Why didn't the Commission press harder for military intelligence, and if the Times' source has told the truth, why did they ignore the Able Danger operation in their deliberations? It would emphasize that the problem was not primarily operational, as the Commission made it seem, but primarily political -- and that the biggest problem was the enforced separation between law enforcement and intelligence operations upon which the Clinton Department of Justice insisted. The hatchet person for that policy sat on the Commission itself: Jamie S. Gorelick.
Perhaps you've forgotten who Jamie Gorelick is. She was the former Clinton Justice Department official who established that "wall of separation" between law enforcement and intelligence operations. And she sat on the 9/11 Commission. You might think that was a conflict of interest but the Commission members all circled around her in protest when her conflict of interest was made note of during the Commission's investigations. Here is what the Washington Times wrote at the time.
The disclosure that Jamie Gorelick, a member of the September 11 commission, was personally responsible for instituting a key obstacle to cooperation between law enforcement and intelligence operations before the terrorist attacks raises disturbing questions about the integrity of the commission itself. Ms. Gorelick should not be cross-examining witnesses; instead, she should be required to testify about her own behavior under oath. Specifically, commission members need to ask her about a 1995 directive she wrote that made it more difficult for the FBI to locate two of the September 11 hijackers who had already entered the country by the summer of 2001.
On Tuesday, Attorney General John Ashcroft declassified a four-page directive sent by Ms. Gorelick (the No. 2 official in the Clinton Justice Department) on March 4, 1995, to FBI Director Louis Freeh and Mary Jo White, the New York-based U.S. attorney investigating the 1993 World Trade Center bombing. In the memo, Ms. Gorelick ordered Mr. Freeh and Ms. White to follow information-sharing procedures that "go beyond what is legally required," in order to avoid "any risk of creating an unwarranted appearance" that the Justice Department was using Foreign Intelligence Surveillance Act (FISA) warrants, instead of ordinary criminal investigative procedures, in an effort to undermine the civil liberties of terrorism suspects. (none)
Hmmm. Now we have a story that the Commission was given information on a military intelligence conclusion regarding Mohammed Atta more than a year before 9/11 and they disregarded it because the dates didn't confirm what they thought they knew about Atta's travels. As if we can be sure that we know every moment of Atta's travels in the years while he was planning the attack.

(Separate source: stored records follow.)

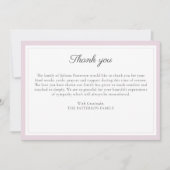 Elegant Script roze begrafenisfoto dank u kaart (Voorkant)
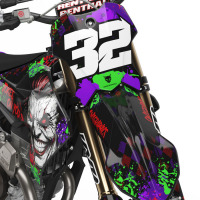 Black Triumph Mx Graphics Kit Joker Installed on a Triumph Dirt Bike Front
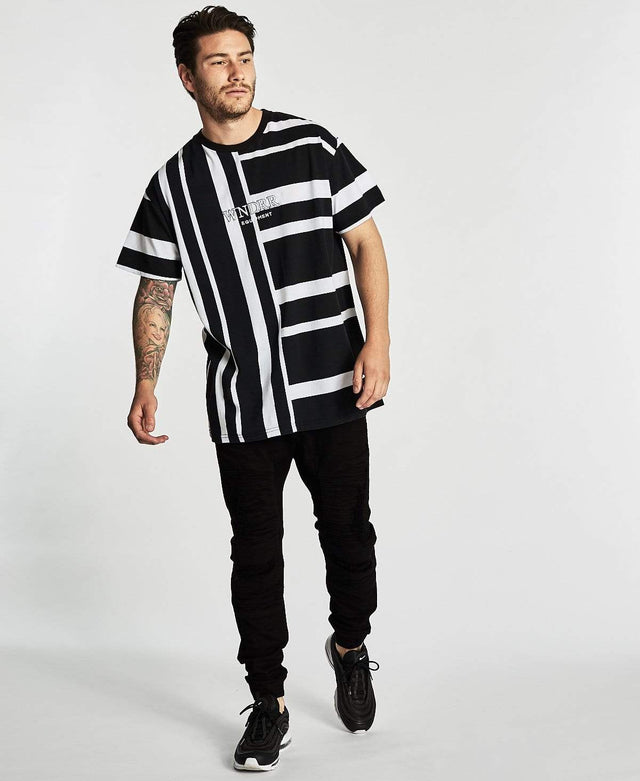 WNDRR Rift Stripe Custom Fit T-Shirt Black/White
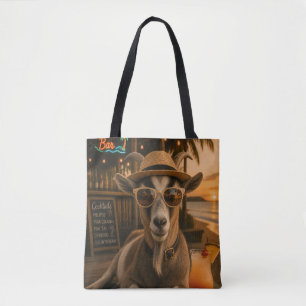 Coole Ziegenstrand mit Cocktail Tasche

And what of the 9/11 widows who drew so much publicity in their support of the 9/11 Commission and their calls for answers? They want more investigation.
group of Sept. 11 widows called the September 11th Advocates issued a statement Wednesday saying they were "horrified" to learn that further possible evidence exists, and they are disappointed the Sept. 11 commission report is "incomplete and illusory."

"The revelation of this information demands answers that are forthcoming, clear and concise," the statement said. "The Sept. 11 attacks could have and should have been prevented."
So now we have to have an investigation of the Commission that was supposed to be the final and complete investigation.
There are lots of bloggers who have more on this. Check out Captain's Quarters, Michelle Malkin, The Anchoress, Just One Minute, and follow their links.

Given the difficulty that we're having now figuring out what was going on before 9/11, my heart goes out to the policy makers who have to make some sense about all this information in real time and make decisions based on incomplete and contradictory information. And they know that they will be blamed if they guess wrong. I don't think there is any solution to this. We are never going to have complete intelligence and yet, presidents and other policy makers are going to have to make decisions based on whatever it is they know. All we can do is try to have the best analysis possible and hope that it is right.